Much as I enjoyed this process every September, the beans were of no significance to me. I didn’t enjoy eating them and certainly wasn’t aware that there was anything special about the variety we grew back then. I probably didn’t even know that there were numerous varieties. These beans were pale green with a distinct black rim around the eye. The ones we grow now are white and smaller in size. For the most part, we cook the beans and serve them with sausages. Leftovers become pork and beans to be served with the fries at supper, or soup the next day.

These bean memories were reawakened recently when I read an article by Sandra Fisher, titled “Living Heirlooms,” in the Fayetteville Observer, an online Iowa newspaper that landed in my inbox via my Google Alerts “Hutterites” setting. The blurb that caught my attention read, “Seeds which have been preserved keep people in touch with their ancestry and help retain history. Imagine a variety of fruit or vegetable that was so important to a family’s history or homeland that they would bring it with them when they immigrated to America. Such is the case with Greek melons, which were introduced in the early 20th century when Greek immigrants settled in Utah, and Hutterite Soup Beans, which came to North America in the 1870s by virtue of Hutterite Christians fleeing persecution in Europe.”

Intrigued, I sent a message to the author. She didn’t know much more than she had in her article, but suggested I contact the Seed Savers Exchange in Iowa. Upon researching via Google, I found a website that boasted: “Hutterite Soup Beans make a soup unlike any other bean.” Other websites described the soup from these beans as “rich, delicious and creamy,” and also have their origin in the bean’s description.

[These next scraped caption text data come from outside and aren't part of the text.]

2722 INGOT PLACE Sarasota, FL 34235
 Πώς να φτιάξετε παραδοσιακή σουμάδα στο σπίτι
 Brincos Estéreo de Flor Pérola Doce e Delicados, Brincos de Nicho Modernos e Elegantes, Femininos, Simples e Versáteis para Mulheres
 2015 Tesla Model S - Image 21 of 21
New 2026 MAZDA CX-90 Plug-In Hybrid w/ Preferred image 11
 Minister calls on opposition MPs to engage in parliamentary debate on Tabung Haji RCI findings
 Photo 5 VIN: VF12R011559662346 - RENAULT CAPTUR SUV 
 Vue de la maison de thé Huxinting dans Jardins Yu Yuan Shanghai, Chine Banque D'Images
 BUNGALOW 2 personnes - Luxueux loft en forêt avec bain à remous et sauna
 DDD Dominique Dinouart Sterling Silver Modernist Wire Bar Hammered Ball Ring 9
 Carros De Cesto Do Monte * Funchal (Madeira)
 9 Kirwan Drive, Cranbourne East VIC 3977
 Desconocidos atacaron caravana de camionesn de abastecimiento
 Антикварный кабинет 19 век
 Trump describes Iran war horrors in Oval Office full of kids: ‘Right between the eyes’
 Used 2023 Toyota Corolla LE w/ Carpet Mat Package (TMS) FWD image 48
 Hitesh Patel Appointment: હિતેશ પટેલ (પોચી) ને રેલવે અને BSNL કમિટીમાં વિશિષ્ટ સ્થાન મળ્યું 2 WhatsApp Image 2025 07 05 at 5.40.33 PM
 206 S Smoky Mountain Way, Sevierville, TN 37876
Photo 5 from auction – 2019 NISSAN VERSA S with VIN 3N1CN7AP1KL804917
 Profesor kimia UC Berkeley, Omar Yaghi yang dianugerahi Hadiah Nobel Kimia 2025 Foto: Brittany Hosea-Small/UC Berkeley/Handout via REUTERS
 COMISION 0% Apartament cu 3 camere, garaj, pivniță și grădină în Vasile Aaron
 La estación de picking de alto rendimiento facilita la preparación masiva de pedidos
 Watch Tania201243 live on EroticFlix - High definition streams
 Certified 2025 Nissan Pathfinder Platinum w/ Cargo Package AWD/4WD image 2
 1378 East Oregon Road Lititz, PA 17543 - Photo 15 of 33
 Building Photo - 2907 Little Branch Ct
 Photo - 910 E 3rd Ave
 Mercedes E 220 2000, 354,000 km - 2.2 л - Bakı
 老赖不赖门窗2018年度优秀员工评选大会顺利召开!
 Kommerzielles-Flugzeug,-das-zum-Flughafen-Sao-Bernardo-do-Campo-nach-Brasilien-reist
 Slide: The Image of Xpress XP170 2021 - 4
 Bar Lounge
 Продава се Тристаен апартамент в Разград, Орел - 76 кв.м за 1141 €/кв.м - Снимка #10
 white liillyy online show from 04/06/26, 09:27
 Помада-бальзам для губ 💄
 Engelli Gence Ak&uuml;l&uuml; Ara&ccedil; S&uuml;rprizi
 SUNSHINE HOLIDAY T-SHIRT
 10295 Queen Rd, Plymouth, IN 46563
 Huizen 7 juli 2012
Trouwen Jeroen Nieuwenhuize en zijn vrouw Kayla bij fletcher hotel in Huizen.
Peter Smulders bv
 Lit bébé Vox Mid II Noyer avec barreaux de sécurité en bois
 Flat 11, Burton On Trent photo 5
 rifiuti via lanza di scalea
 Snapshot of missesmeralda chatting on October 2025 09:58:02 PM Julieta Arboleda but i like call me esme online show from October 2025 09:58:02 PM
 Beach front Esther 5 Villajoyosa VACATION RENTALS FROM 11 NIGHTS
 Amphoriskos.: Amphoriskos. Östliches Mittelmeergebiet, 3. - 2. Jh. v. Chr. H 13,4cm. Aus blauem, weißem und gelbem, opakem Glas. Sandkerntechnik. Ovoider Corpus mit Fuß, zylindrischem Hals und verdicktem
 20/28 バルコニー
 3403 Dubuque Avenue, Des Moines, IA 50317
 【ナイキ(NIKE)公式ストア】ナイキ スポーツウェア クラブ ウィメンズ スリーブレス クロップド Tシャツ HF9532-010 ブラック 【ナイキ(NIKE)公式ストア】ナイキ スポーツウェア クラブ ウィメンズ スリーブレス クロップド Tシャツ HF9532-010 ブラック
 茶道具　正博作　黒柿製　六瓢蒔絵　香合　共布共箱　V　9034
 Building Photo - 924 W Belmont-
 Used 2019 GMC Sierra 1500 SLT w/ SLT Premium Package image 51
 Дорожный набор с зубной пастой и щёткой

A simple package of bean seeds spurred a flood of memories from youth. photo: Supplied

Some, however, express doubt that the bean was brought to America by Hutterites in the 1870s, since there is evidence of these beans being in North America before that. William Woys Weaver, an internationally known food historian, believes the bean is a Russian variety, known as China Yellow, and that, “The Hutterites could indeed, have brought the bean with them to Canada and the Dakotas.” The original strain was called Lemon Yellow, which “may indicate some crossing with a white variety, sometime in the past, perhaps to improve its quality as a soup bean.”

I asked other Hutterites whether they ever heard of the heirloom beans. Few knew anything about them or had only a vague memory. However, one gardener couple has been growing them for a number of years, after buying a package from the Seed Savers Exchange. They were told that the beans cannot be bought in bulk. Therefore, they save some of their beans every year for seed — for their own use and to share with others. They kindly offered me some. I plan to offer them to our vegetable gardeners, in the hopes that we’ll start growing Hutterite Soup Beans once again. Only this time, I know the story behind them.

As we celebrate Thanksgiving, I was in awe that a late-19th-century Hutterite gardener had the faith and foresight — before crossing the Atlantic on the S.S. Hammonia — to tuck a bag of dry beans into his trunk.

Over 140 years later, they are featured on national seed catalogue pages as heirloom seeds — registered Hutterite Soup Beans!

Hutterite Soup Beans make a creamy and delicious soup. photo: Supplied


Linda Maendel lives on a Hutterite colony in central Manitoba, and is author of the book The Hutterite Diaries.